Speaker 3: and it was actionable. So we modified the vaccine to remove that rare but dominant antigen, and we made a KRAS dedicated product. And that's what we showed more data on at ESMO last September in Paris. And we did indeed see a strong immune response to the modified vaccine exactly as we had intended.
Speaker 3: The key issue, as I mentioned earlier, is that we're still delivering a single neoantigen and you just have to worry about acquired resistance. And the best way that we can deal with that is to deliver additional antigens relevant to the patient, and that's the key term. It's not enough obviously just to put in any old antigen, it has to be relevant to that patient's tumour.
Speaker 3: And that's the interesting question. What are those other antigens that will be relevant to a patient with a KRAS mutation and how do I capture those in a vaccine in a form that enables the patient to mount now a strong immune response to multiple antigens, which is likely to reduce the frequency and tempo of acquired resistance.
Speaker 3: All things being equal. So that's the biological problem as we framed it and we think we've got a good solution to that and we'll be talking about that more in due course as I say as we start to prepare for launch of that study.
Speaker 10: Maybe just a quick follow-up on that because as you said you had the p53 there and that didn't work great. How confident are you that you've been able to find the right additional antigens to go forward with with this next generation product?
Speaker 3: We're confident because obviously we've been learning a lot about how to encode antigens within our vaccines.
Speaker 3: and we've been learning a lot about antigens, obviously, as we continue to study human tumors in great depth. As I mentioned earlier, we have a large team in Cambridge that does work using sequencing, but also this sophisticated mass spec technique where you literally observe peptides presented on the surface of tumors.
Speaker 3: dominance phenomenon. So we think we've got a way of assessing that outside of a clinical trial just from tumor samples. And then of course we design accordingly and then test it again back in humans. So again this iterative loop. And I think you know long term if you want to deliver good neoantigen and cancer tumor antigen vaccines to large numbers of patients cheaply.

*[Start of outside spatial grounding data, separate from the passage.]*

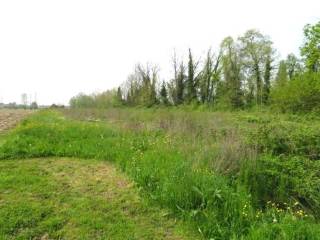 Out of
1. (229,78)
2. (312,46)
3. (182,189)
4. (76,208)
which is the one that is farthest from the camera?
(229,78)

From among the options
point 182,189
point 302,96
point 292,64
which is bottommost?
point 182,189

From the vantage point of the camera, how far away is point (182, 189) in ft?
15.1

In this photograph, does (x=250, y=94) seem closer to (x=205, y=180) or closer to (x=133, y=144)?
(x=133, y=144)

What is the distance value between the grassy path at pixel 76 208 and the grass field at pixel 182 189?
0.6 inches

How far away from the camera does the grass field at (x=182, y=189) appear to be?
150 inches

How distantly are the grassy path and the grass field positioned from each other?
0.02m

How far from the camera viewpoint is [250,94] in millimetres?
36531

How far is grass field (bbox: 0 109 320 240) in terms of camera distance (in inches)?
150

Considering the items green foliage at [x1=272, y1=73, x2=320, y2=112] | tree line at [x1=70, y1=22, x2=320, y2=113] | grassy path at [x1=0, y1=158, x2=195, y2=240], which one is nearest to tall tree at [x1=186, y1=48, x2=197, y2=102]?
tree line at [x1=70, y1=22, x2=320, y2=113]

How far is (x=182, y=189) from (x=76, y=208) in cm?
170

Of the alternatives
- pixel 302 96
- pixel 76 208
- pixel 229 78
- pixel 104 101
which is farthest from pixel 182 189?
pixel 104 101

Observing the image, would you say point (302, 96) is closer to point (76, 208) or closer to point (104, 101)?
point (76, 208)

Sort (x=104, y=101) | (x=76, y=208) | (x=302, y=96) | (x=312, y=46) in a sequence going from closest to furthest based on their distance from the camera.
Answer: (x=76, y=208) < (x=302, y=96) < (x=312, y=46) < (x=104, y=101)

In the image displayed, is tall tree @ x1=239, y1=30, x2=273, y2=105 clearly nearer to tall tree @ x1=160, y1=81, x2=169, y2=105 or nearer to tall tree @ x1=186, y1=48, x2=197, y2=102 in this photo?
tall tree @ x1=186, y1=48, x2=197, y2=102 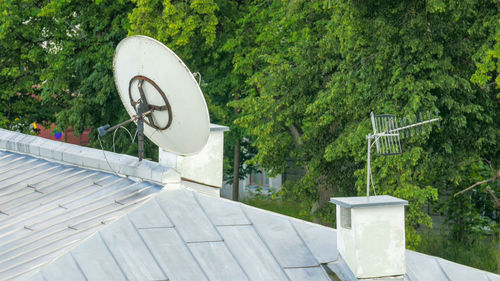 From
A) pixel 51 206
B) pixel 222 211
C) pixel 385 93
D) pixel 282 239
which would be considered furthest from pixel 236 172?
pixel 282 239

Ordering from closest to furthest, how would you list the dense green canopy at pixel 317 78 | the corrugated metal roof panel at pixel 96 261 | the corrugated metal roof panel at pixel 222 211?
the corrugated metal roof panel at pixel 96 261
the corrugated metal roof panel at pixel 222 211
the dense green canopy at pixel 317 78

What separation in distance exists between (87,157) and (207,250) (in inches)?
169

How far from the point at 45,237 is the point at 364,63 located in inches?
487

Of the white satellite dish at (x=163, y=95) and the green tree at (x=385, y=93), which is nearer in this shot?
the white satellite dish at (x=163, y=95)

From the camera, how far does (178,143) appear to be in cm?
1119

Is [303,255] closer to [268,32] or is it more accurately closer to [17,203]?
[17,203]

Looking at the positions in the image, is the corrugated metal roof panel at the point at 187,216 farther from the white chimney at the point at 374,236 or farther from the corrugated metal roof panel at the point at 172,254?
the white chimney at the point at 374,236

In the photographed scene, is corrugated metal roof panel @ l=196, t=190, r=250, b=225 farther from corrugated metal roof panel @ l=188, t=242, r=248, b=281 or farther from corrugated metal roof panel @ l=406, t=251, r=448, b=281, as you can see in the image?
corrugated metal roof panel @ l=406, t=251, r=448, b=281

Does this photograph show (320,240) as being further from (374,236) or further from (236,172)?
(236,172)

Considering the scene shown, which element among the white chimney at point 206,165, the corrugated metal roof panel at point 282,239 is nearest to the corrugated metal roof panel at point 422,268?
the corrugated metal roof panel at point 282,239

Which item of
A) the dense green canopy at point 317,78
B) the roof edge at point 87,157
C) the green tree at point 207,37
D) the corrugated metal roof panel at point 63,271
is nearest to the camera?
the corrugated metal roof panel at point 63,271

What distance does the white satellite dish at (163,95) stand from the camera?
10367 millimetres

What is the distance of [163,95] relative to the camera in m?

Speaker 3: The off-the-shelf product obviously is where we need to end up. We've got a lot to learn still, but I think this is a game that really is worth playing hard, and the winners, I think, will be those who figure it out and deliver these multi-targeted products in an off-the-shelf format to huge numbers of solid tumor patients. And these products are obviously a lot cheaper to make than personalized products. That's obviously one of the key attractions here.
Speaker 6: Yeah, thank you. Thanks, Karine. Thank you. Ladies and gentlemen, there are no further questions at this time. And this will conclude today's conference.
Speaker 1: You may disconnect your lines. Thank you for your participation. You may disconnect your lines.